So Polynomial is simply a class that we know is strictly "faster" (well, asymptotically faster) than any exponential function.

In practice, I think real-life humans only care for "small polynomials". An algorithm with complexity (x^5000) will be growing too quickly to be used in practice, even if its big-Oh is technically polynomial.

Well, I say that, except 3SAT solvers are a thing and that's provably NP-complete. So lots of people bang their heads against the NP-complete problems anyway.


> Because O(e^x) > O(x^n), for all Integer values of "n"

No, that just tells me why we make a distinction between exponentials and polynomials, not why we always focus on those two in particular. It's not like there aren't other complexities in between that you can't make the same kind of statement about...


Hmmm, I think you're trying to divine a deeper meaning in something that doesn't necessarily exist.

Complexity theory itself is a gross estimation on reality and performance. Complexity theory tells you nothing about how fast (or slow) an algorithm is in practice: quicksort typically is faster than merge sort, despite both being O(n * log(n)).

Heck, quicksort can be faster than radix sort in many cases. Another case: Bitonic sort is asymptotically slower at O(n * log^2(n)), but Bitonic sort lends itself to parallelism very well, so its "faster" in practice (even if its not work-efficient).

So why do people use complexity analysis at all? Its completely irrelevant to determining quicksort vs mergesort vs bitonic sort!

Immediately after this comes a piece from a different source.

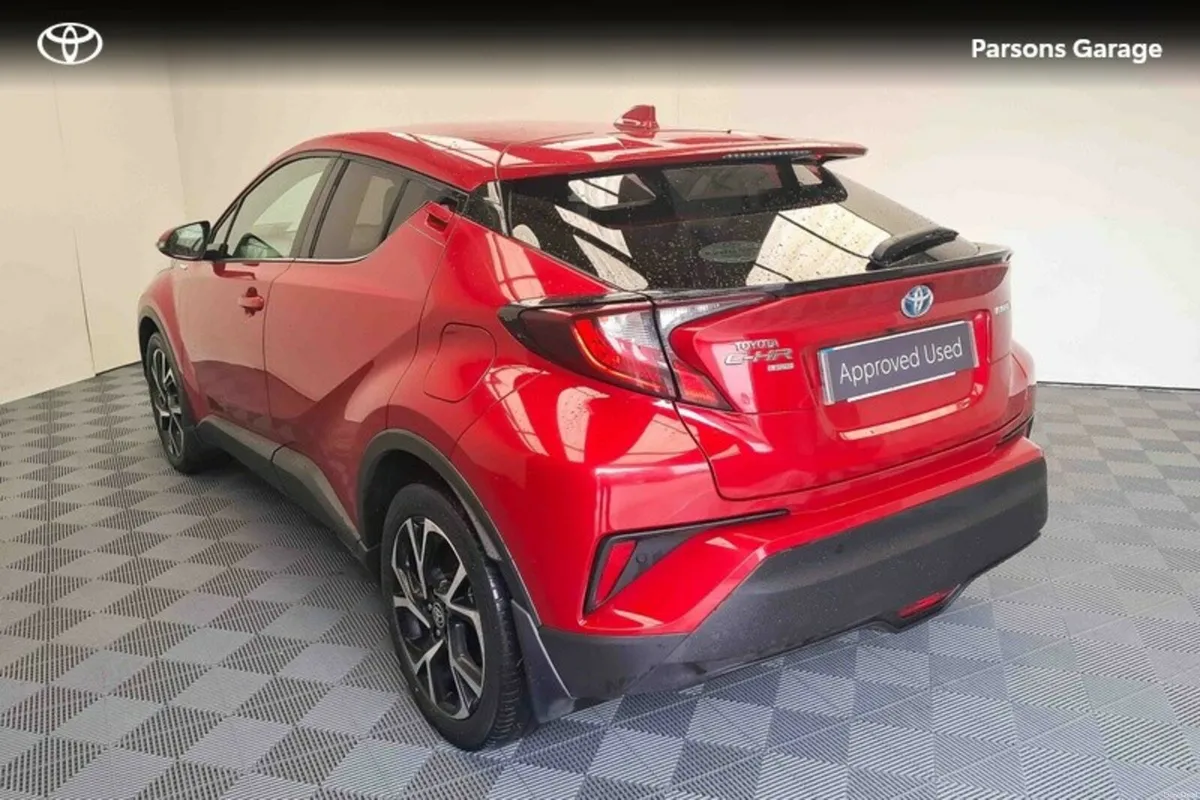 Toyota C-HR C-HR 1.8 HYBRID SPORT - Image 2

Well, simple: because its relatively easy to calculate, and relatively easy to understand. Polynomial time, and Nondeterministic Polynomial time (aka NP-complete) are both "easy" to describe and understand (for a... somewhat interesting definition of easy). At least, in the greater scope of mathematics they're concise and "simple" definitions.

----------

A great number of algorithms in Knuth's "The Art of Computer Programming" are calculated out to the precise number of assembly-language statements executed... including the constant. No "big-O" estimates involved.

This deeper analysis is great to read once or twice, but read enough of it and you realize how much harder it is to think about. Complexity theory is far faster to analyze and apply to algorithms, even if its an incomplete picture. As such, emphasis should be on "ease of use" and "convenience" as opposed to any real amounts of practical rigor.

----------

The other issue: is that NP vs P is the great unsolved mathematical problem of our lifetime. So a huge amount of professors introduce the concept of NP vs P so that their students can be ready for a major mathematical debate relevant to the field.

-----------

EDIT: In practical optimization, I think most people care about "Linear", "Sublinear", and "Superlinear". For example, the Painter's Algorithm for GPUs is superlinear: O(n * log(n)). But a depth-test based approach to GPU scene painting is linear: O(n). Linear is "good enough" so optimization basically stops there.

Any algorithm that visits all data is going to be, at best, linear. So that's why GPU programmers probably are happy with "depth test", because Asymptotically Linear complexity is the best you can reasonably hope for.


Maybe a dumb question, but what exactly are you talking about between exponential and polynomial?


It's not a dumb question at all - it gets beyond most undergraduate classes on computational complexity. What's interesting is that the algorithm presented for this problem is exactly one of those classes: the quasi-polynomials, which grow exponentially in a polynomial of logs of x.

For more see: https://math.stackexchange.com/questions/226628/orders-of-gr...


It's not a dumb question! It's actually a typical exam question -- "write down a time complexity that is faster than polynomial but slower than exponential". It makes you think outside the box they spend the rest of the semester shoving you in :-) as an example, if you consider n^k is polynomial, but make k increase with n, then you can get n^log(n). Can you show that that's slower than exponential?


I think it's just that many natural algorithms happen to have polynomial time complexity, since it's basically the complexity of iterated loops. Same with logarithms.


Because polynomial complexity is the measure of what makes a tractable problem [1]. If the question is why - there's no formal reason. Tractability is really just subjective human standards: even high-degree polynomial time is often considered to not enough for a solution to be worthwhile computing.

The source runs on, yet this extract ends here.